Alfred Hitchcock’s Psycho (1960) has many bastard offspring—seemingly
innumerable low-rent filmmakers have repurposed the concept of a serial killer
with mommy issues preying upon pretty girls. One such copycat picture is Slipping Into Darkness, which adds a
halfhearted Vietnam-vet angle as a means of suggesting why the main character
is such a menace. To be fair, writer-director Richard Cassidy nearly balances character development and nastiness during a stretch in the middle
of the film’s running time. So while Slipping into Darkness is too
predictable and sluggish to generate real suspense, whenever Cassidy lingers
on scenes of Grahame (Laszlo Papas) trying to connect with sexy coed Karen
(Beverly Ross), he conveys a degree of empathy for Grahame’s social awkwardness
without portraying Karen as standoffish.
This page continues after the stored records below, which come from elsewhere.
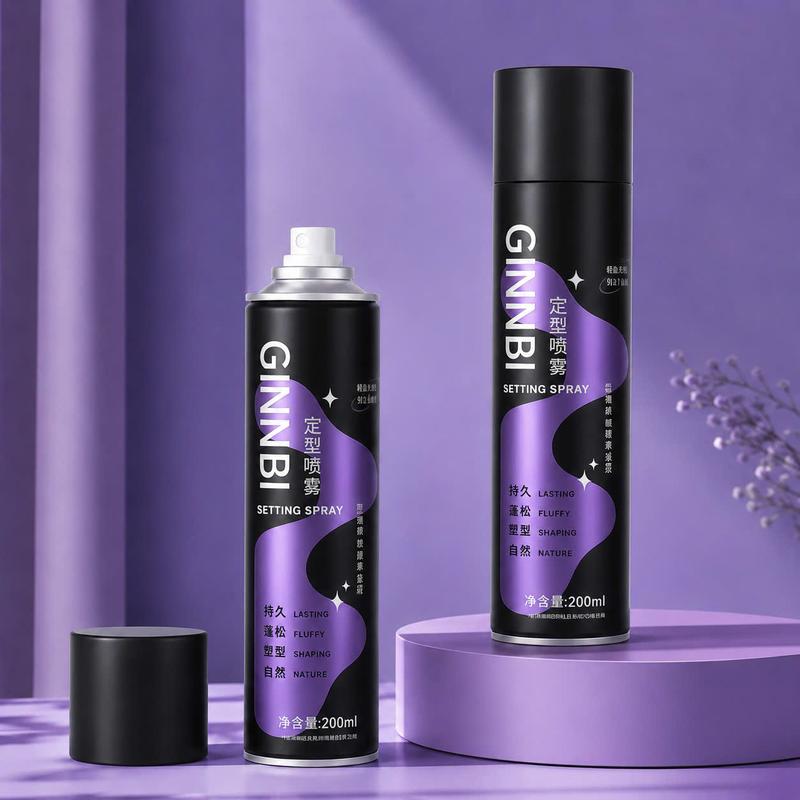 Gôm xịt tóc mềm giữ nếp tạo phồng tóc GINBI 200ml keo xịt tạo phồng giữ nếp mềm…
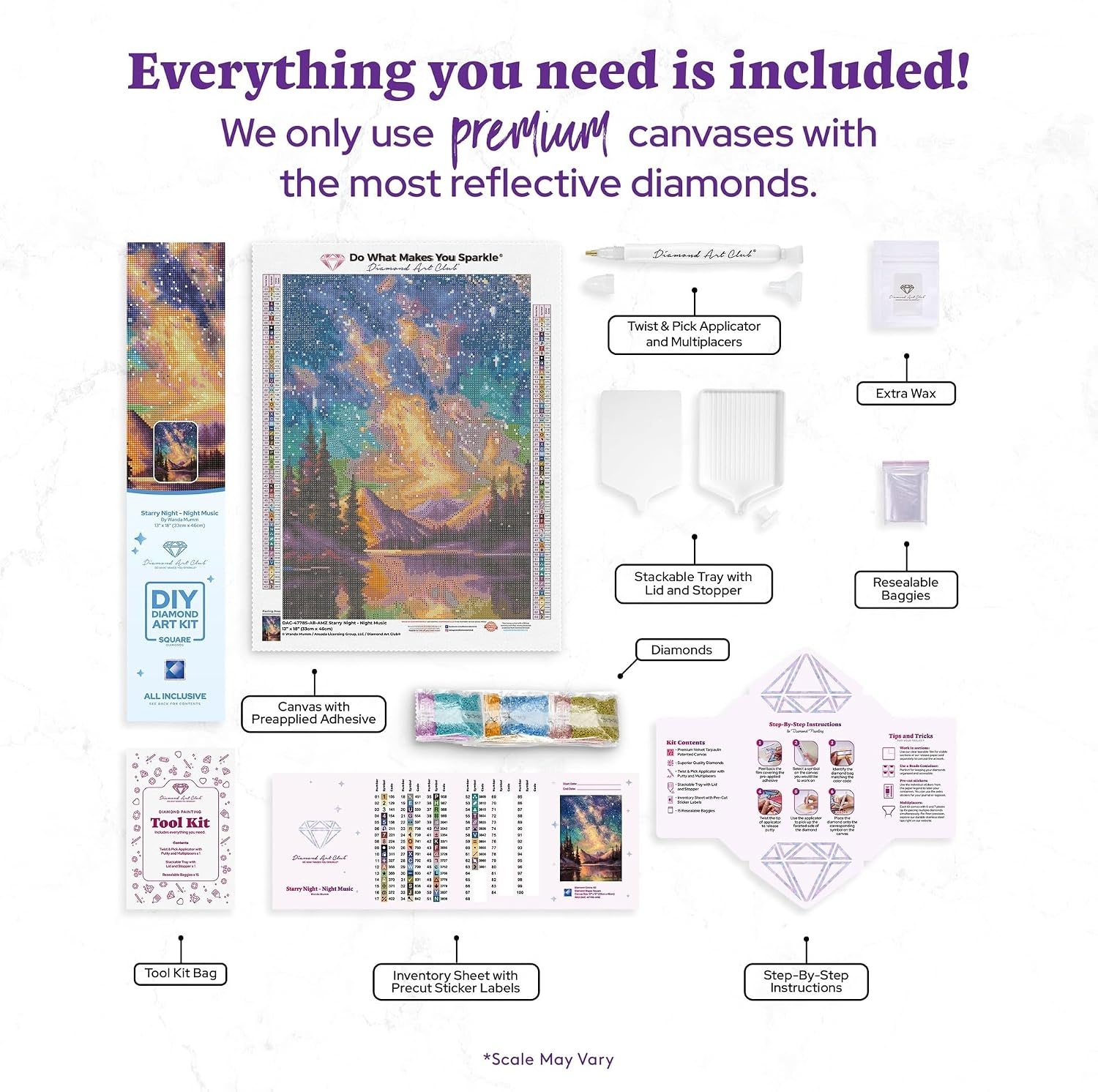 image:imageDIAMOND ART CLUB Fire Opal Succulent Diamond Art Kits for AdultsStarry Night
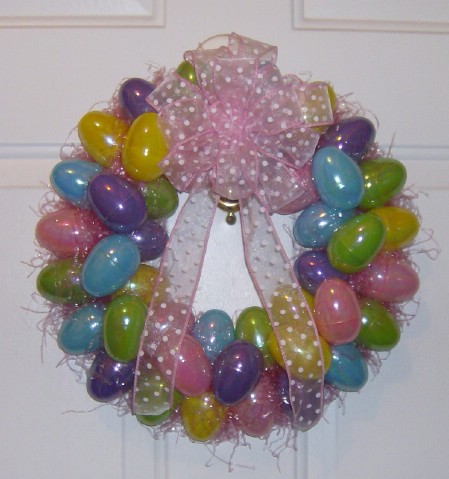 Easter Egg Wreath - 40 Creative DIY Easter Wreath Ideas to Beautify Your Home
Alas, the material before and after
this section is terrible. The movie gets off to a confusing start with scenes
of Karen leaving the boonies to attend school in a big city. For no good
reason, lots of time elapses before she takes a room in a boarding house
operated by Mrs. Brewer (Belle Mitchell). The landlady’s son, Grahame, lives in
a room down the hall from Karen, so he watches her through a peephole whenever
she entertains male visitors. Things get more and more demented until, inevitably,
Graham turns homicidal—but the plotting never works well enough to achieve the
desired unsettling effect. It doesn’t help that Cassidy includes so many nudie
shots of Ross that he seems like a voyeur. And even though Mitchell and Papas
give somewhat offbeat performances (note the scene where she tells him not to buy
any more cream donuts because they give her “the farts”), their work
is insufficient compensation for the pointless narrative.